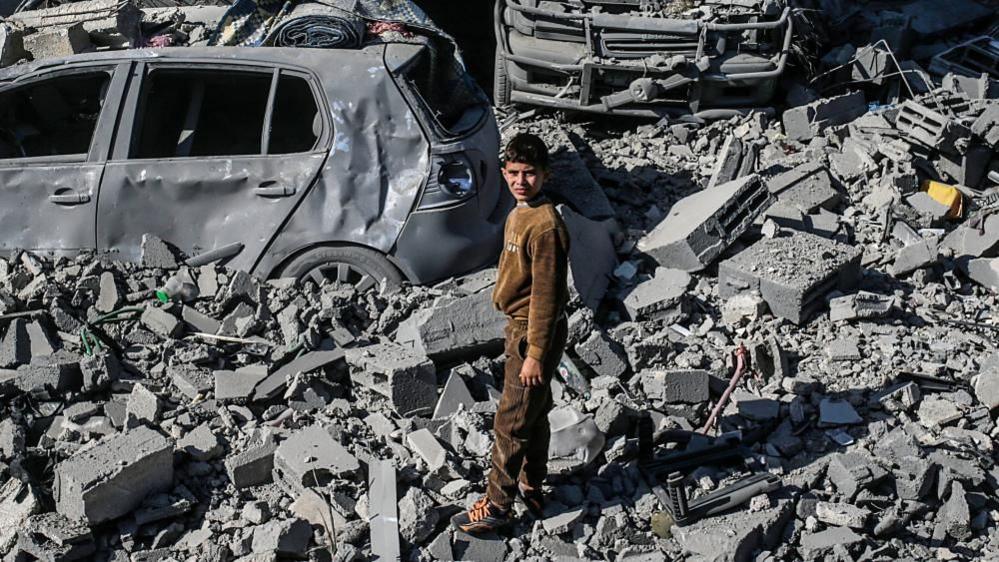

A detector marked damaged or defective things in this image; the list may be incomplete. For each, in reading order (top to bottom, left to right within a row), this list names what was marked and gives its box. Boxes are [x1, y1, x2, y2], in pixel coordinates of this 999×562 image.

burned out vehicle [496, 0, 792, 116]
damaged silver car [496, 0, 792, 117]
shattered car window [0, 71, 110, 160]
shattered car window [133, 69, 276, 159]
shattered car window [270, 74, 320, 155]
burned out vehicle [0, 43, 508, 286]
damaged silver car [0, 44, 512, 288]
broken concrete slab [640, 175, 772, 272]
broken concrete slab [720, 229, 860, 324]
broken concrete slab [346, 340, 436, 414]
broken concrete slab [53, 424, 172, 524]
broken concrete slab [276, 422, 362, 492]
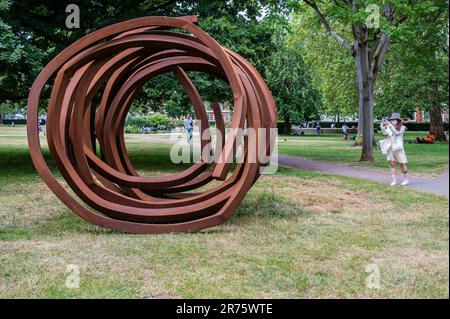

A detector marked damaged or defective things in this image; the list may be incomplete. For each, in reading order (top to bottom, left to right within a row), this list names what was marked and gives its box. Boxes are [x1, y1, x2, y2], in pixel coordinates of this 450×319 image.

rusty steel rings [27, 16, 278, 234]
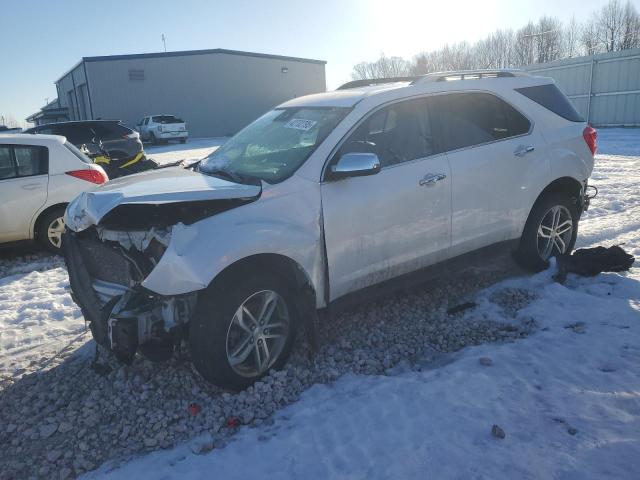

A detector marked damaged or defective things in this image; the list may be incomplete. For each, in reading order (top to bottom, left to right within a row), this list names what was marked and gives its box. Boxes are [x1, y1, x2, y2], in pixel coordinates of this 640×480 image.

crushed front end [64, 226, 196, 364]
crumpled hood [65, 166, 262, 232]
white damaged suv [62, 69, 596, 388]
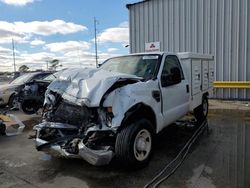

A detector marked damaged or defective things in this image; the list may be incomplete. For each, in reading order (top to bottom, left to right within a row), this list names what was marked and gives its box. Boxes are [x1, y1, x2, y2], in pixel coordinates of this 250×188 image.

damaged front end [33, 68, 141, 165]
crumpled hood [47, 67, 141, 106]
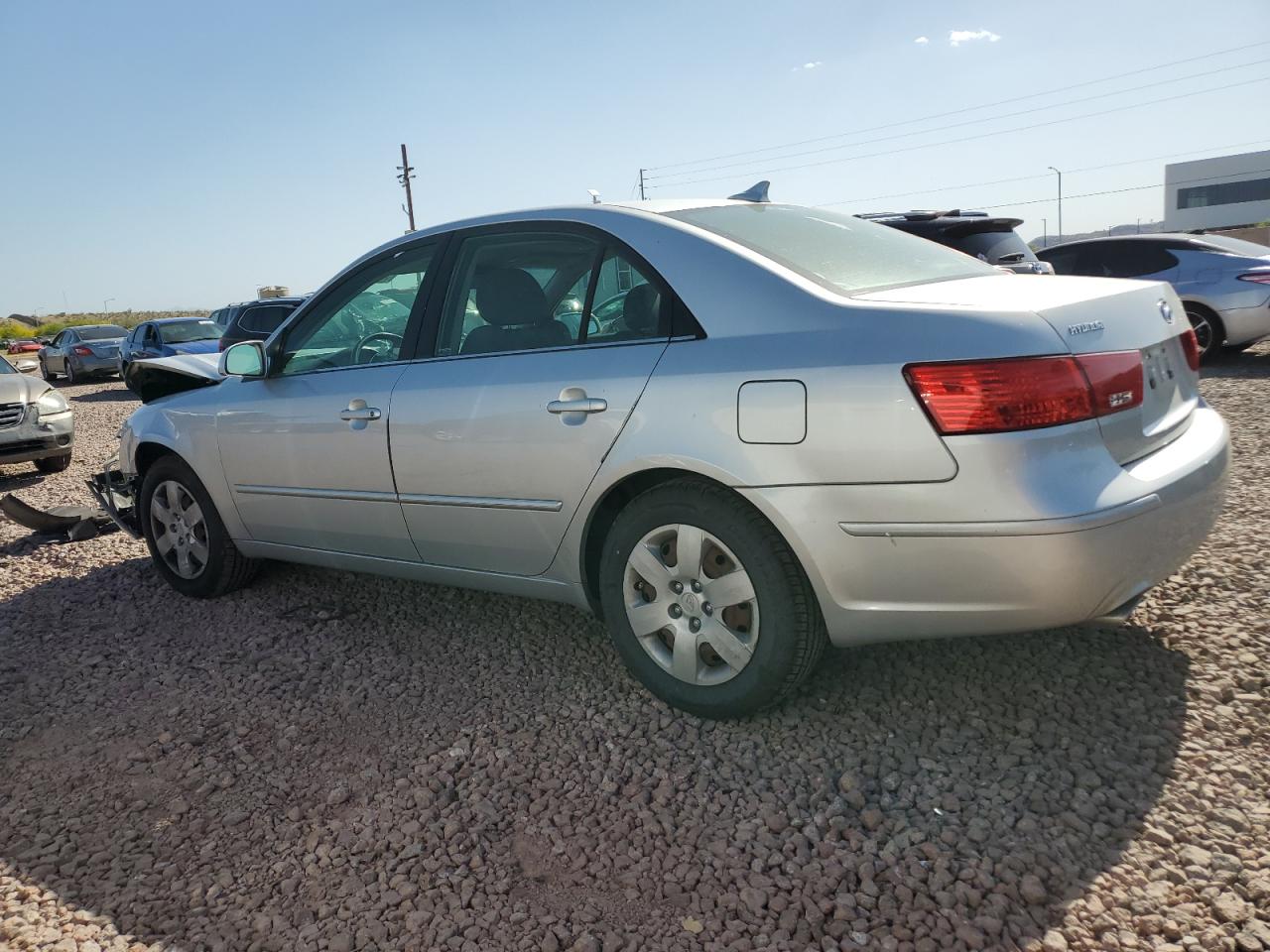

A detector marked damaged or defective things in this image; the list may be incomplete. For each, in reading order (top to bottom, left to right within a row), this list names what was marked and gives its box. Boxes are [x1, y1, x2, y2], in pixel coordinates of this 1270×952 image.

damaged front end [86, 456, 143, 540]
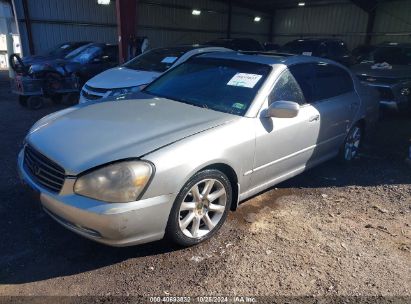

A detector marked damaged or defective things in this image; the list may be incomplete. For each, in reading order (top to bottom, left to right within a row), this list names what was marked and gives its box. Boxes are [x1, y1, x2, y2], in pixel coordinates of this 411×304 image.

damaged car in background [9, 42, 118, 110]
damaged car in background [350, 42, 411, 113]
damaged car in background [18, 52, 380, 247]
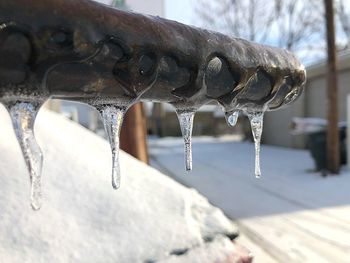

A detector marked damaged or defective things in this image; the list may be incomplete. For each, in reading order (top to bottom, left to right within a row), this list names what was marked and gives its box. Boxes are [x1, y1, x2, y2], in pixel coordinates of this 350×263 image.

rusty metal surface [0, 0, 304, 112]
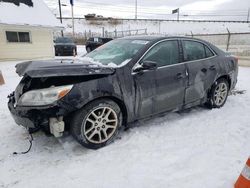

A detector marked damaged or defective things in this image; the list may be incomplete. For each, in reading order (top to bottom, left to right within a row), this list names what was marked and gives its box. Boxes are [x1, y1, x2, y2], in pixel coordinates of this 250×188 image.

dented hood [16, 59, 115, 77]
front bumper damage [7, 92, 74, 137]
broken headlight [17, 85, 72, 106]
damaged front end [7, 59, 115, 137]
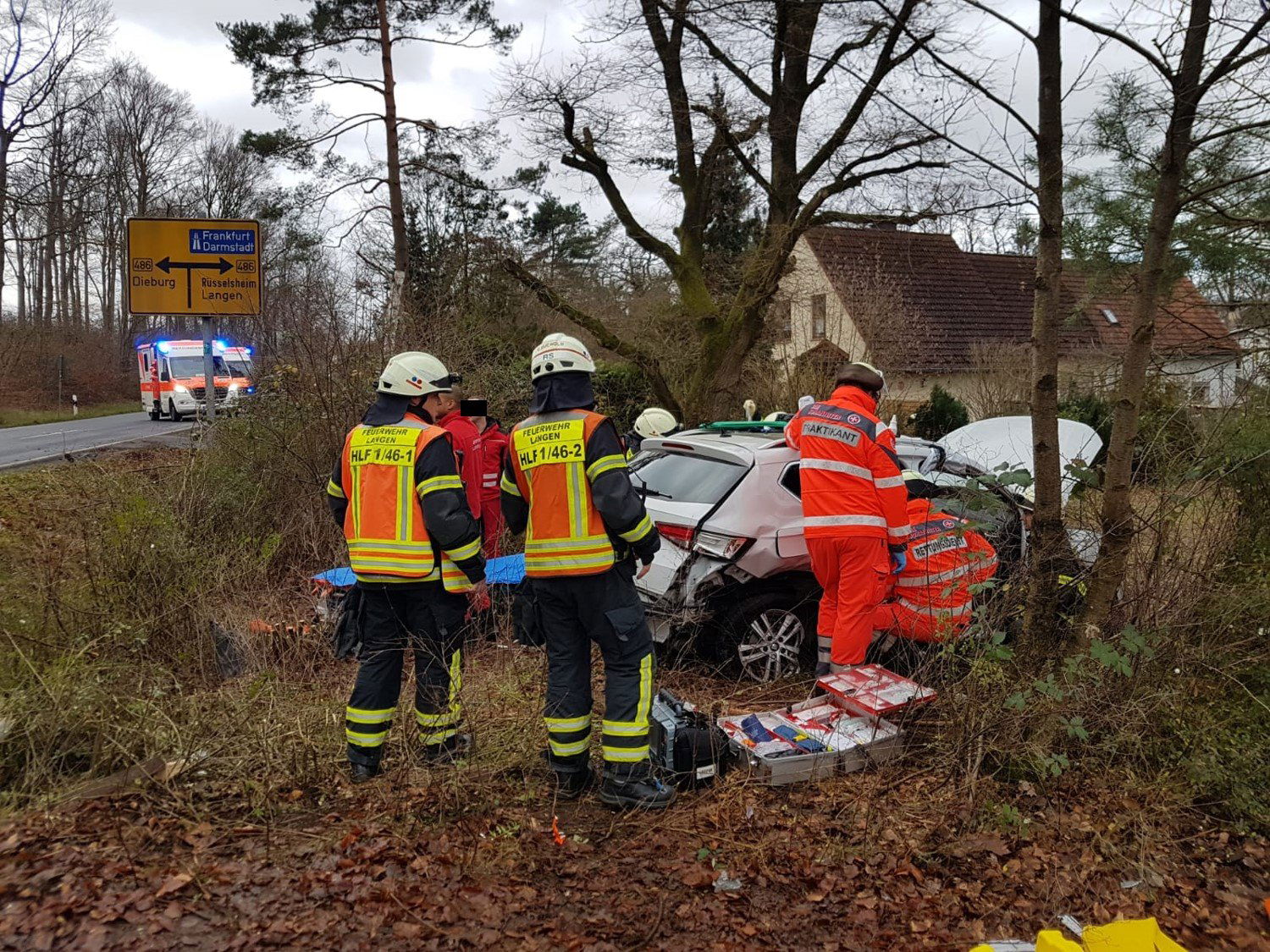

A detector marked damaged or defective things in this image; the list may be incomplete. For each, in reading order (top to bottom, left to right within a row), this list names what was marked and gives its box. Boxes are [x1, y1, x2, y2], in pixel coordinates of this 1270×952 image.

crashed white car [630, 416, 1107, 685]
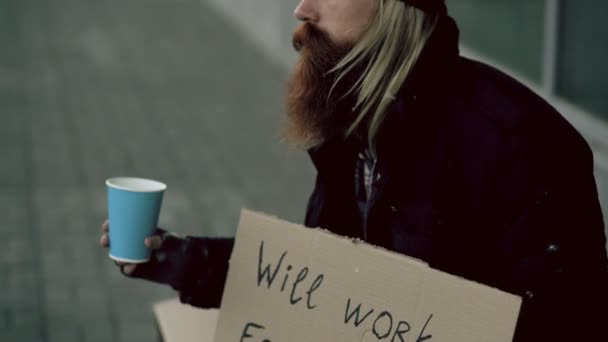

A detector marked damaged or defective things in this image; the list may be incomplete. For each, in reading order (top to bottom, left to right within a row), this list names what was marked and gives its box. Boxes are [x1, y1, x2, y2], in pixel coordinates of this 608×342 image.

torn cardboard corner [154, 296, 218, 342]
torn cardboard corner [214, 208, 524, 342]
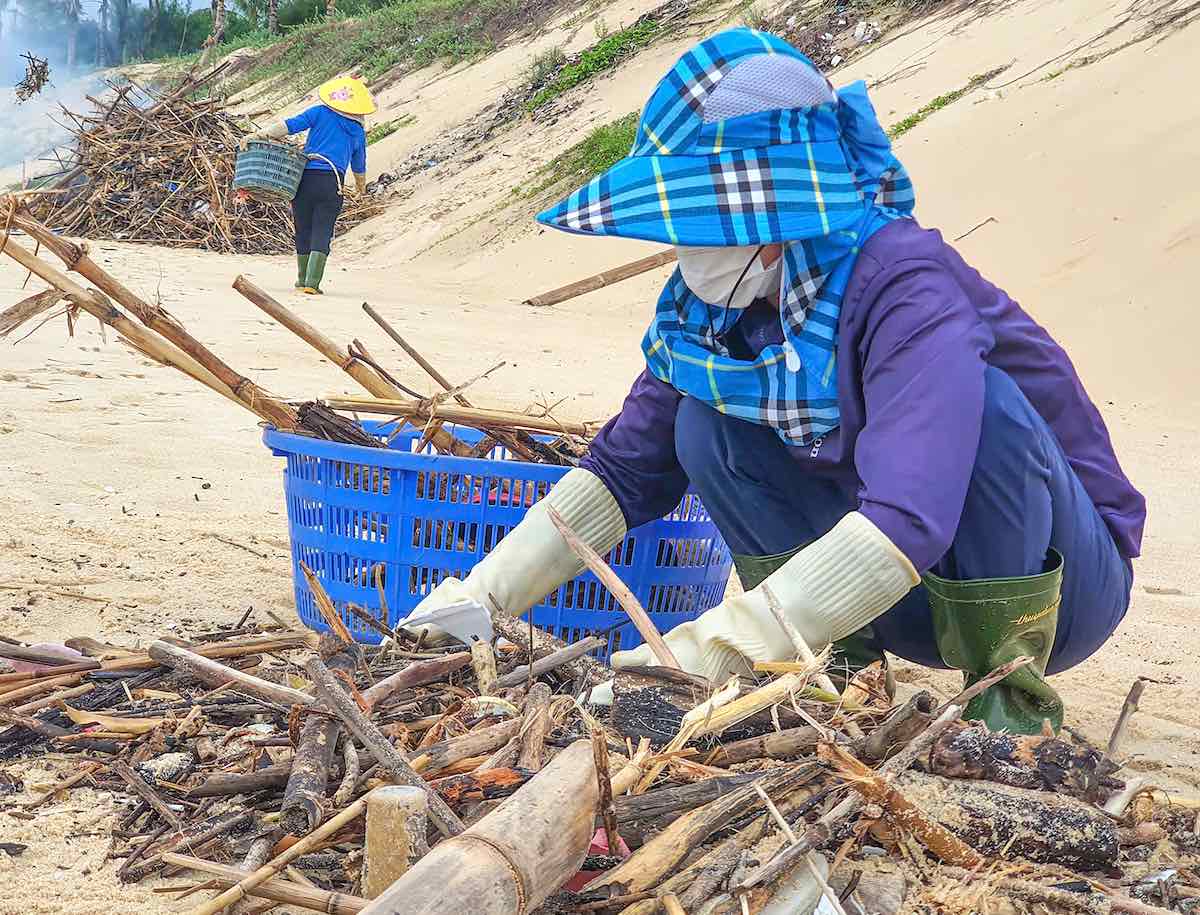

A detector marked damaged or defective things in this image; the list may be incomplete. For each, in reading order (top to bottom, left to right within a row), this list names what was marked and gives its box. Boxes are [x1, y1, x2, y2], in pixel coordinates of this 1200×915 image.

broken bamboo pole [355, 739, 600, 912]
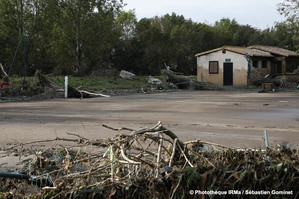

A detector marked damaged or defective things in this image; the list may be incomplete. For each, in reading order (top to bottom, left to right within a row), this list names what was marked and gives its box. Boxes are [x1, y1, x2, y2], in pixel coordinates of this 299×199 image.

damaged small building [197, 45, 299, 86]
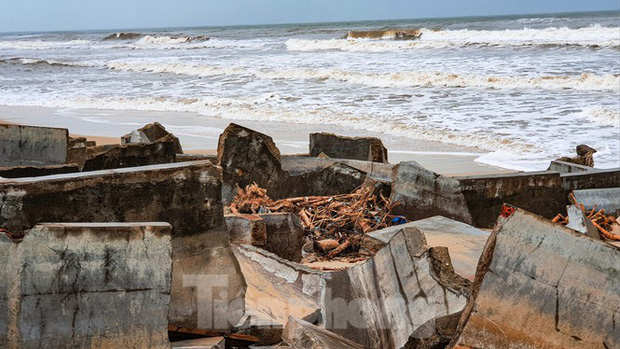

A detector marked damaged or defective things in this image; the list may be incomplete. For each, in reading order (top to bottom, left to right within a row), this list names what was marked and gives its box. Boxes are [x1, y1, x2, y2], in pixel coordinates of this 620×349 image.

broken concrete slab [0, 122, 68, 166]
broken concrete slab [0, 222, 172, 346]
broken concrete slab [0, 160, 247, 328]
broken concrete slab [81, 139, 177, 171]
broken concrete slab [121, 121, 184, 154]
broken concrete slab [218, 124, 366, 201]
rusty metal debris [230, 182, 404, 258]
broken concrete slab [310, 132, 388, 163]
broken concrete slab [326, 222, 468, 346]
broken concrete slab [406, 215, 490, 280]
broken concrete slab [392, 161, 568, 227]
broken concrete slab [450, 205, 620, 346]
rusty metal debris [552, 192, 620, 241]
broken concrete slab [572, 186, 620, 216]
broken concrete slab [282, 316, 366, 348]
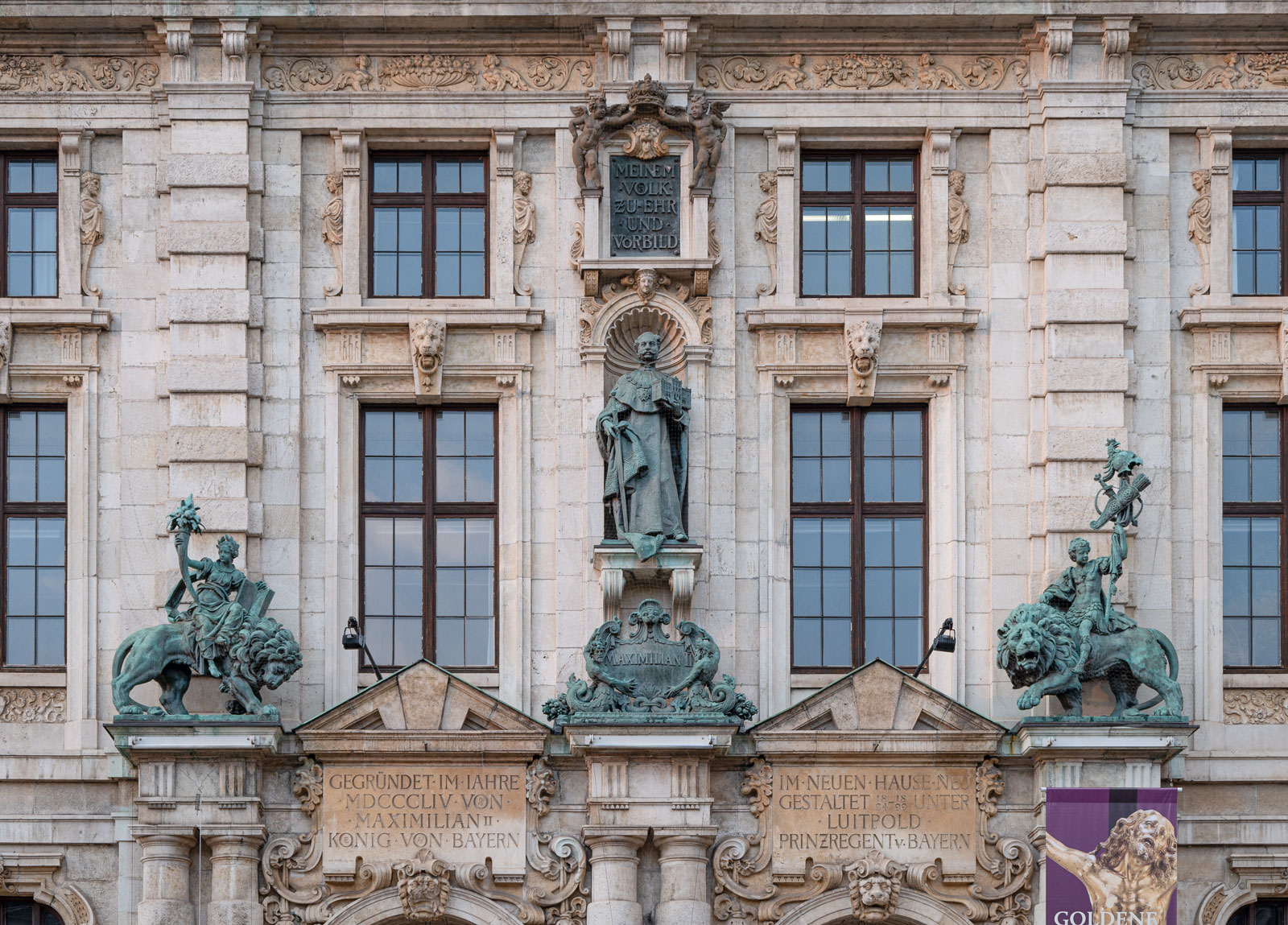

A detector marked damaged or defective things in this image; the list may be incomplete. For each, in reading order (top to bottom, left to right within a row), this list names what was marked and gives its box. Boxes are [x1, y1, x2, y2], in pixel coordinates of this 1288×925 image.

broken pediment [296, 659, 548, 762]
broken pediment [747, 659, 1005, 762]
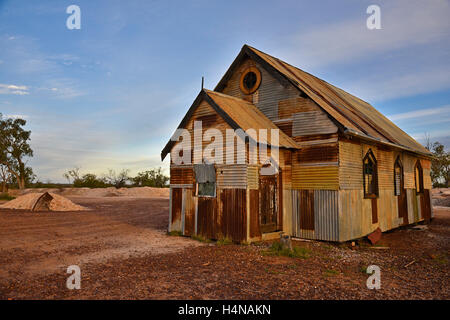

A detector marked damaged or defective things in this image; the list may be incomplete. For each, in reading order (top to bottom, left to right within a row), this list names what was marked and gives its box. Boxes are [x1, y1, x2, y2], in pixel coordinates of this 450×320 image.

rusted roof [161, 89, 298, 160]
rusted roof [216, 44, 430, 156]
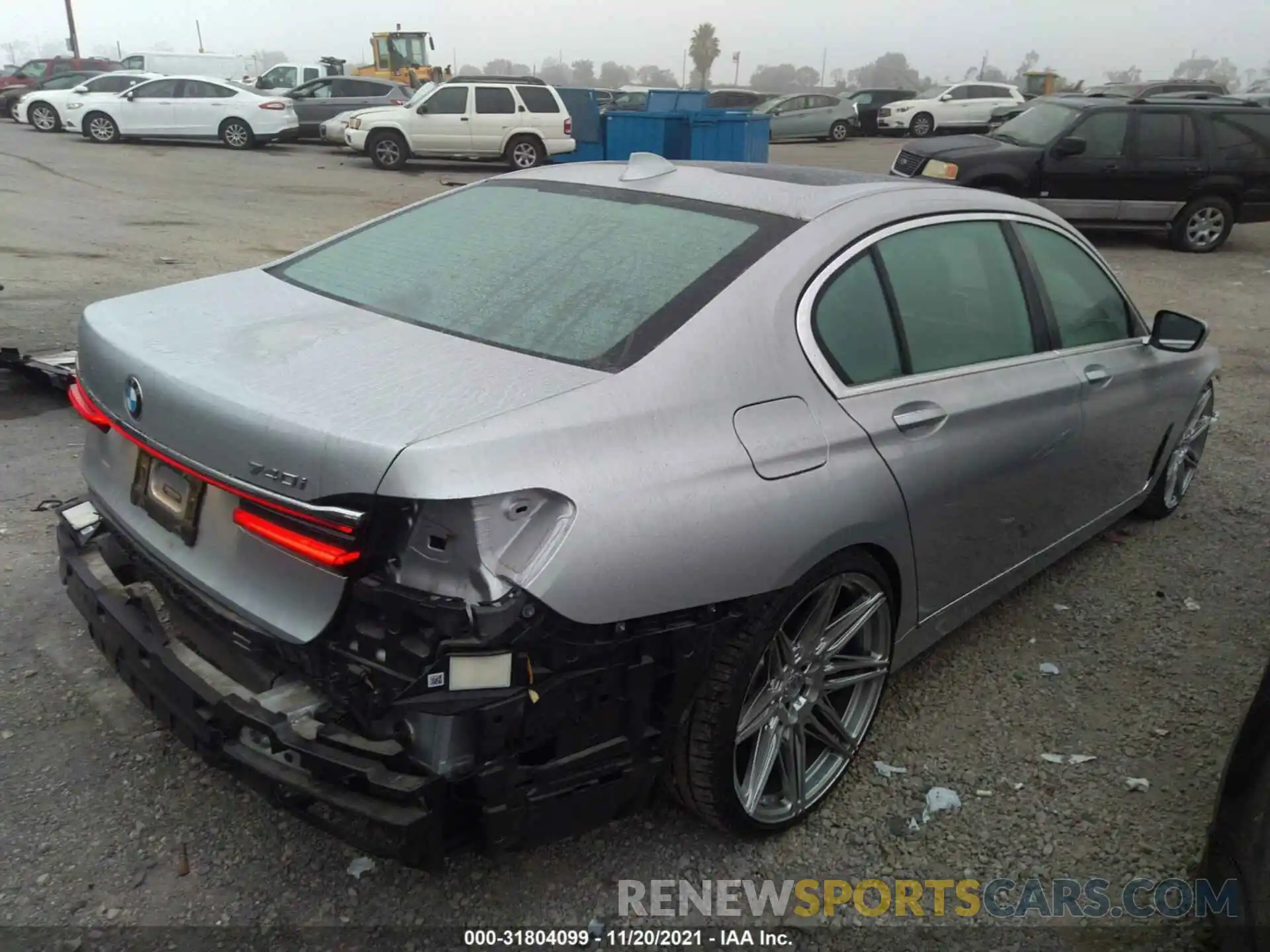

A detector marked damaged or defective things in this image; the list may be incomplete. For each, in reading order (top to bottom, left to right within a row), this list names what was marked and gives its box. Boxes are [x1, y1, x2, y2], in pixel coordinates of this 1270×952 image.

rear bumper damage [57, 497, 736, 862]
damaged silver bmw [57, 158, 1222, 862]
________________________________________
• Exercise brief
Beginning at the line that contains "this 1288×925 image.", retype each line of the data above through the very last one. Do not retype the pictures.

• Result for this exercise
A detector marked damaged or defective things in this image; the list may be incomplete. For each, in reading order (top to bottom, left to right within a row), this list names what was marked and gives its box. Boxes are [x1, y1, x2, y2], in pixel coordinates of this 1288×925 image.

broken pediment [296, 659, 548, 762]
broken pediment [747, 659, 1005, 762]

A detector marked damaged or defective things in this image; the list may be incomplete. For each, in reading order (top to bottom, left to right within a row), this list names what was marked and gives its box. Boxes are [x1, y1, x2, y2], in pixel coordinates of this 450×320 image.

rusted roof [161, 89, 298, 160]
rusted roof [216, 44, 430, 156]

A detector marked damaged or defective things in this image; the list may be incomplete. For each, in reading order (top to bottom, left to right within a row), this list names what was marked and gives its box. Boxes are [x1, y1, x2, y2], in pixel coordinates of this 1270×952 image.

rear bumper damage [57, 497, 736, 862]
damaged silver bmw [57, 158, 1222, 862]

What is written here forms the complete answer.